[What is being asked] Set down, exactly and only, everything from the line containing "High Frequency Separation." down to the line containing "In economics, hyperinflation" in the data below; the pictures are not part of the copy.

[Input]
● ● ●

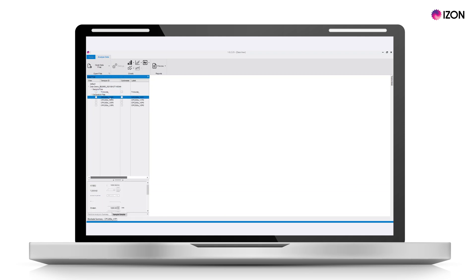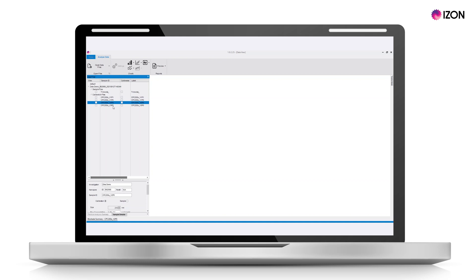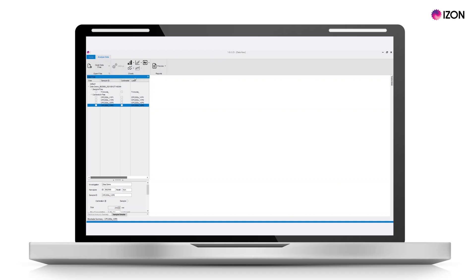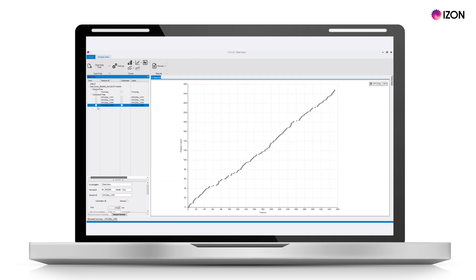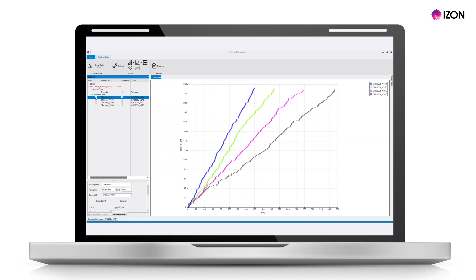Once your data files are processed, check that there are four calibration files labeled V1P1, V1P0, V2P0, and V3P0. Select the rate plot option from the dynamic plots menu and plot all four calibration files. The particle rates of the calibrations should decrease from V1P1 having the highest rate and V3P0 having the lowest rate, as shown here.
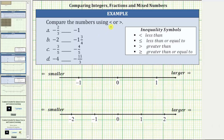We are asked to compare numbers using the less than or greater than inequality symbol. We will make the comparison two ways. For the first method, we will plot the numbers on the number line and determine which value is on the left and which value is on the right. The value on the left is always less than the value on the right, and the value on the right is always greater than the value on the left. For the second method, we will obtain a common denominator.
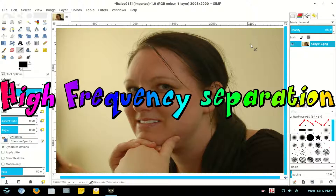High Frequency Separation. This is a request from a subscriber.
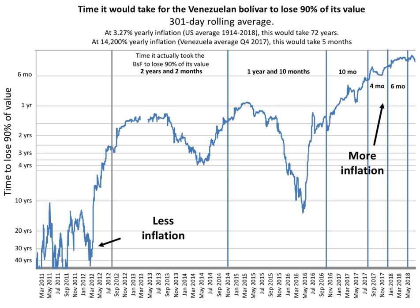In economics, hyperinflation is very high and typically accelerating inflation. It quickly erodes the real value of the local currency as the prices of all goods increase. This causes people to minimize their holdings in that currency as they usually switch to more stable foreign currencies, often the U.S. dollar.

● ● ●

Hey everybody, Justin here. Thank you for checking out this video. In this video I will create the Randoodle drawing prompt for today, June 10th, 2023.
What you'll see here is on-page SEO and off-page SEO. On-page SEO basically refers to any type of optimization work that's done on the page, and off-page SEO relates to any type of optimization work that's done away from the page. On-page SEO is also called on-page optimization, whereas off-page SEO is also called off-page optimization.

● ● ●

[Reply to the exercise]
High Frequency Separation. This is a request from a subscriber.
In economics, hyperinflation is very high and typically accelerating inflation. It quickly erodes the real value of the local currency as the prices of all goods increase. This causes people to minimize their holdings in that currency as they usually switch to more stable foreign currencies, often the U.S. dollar.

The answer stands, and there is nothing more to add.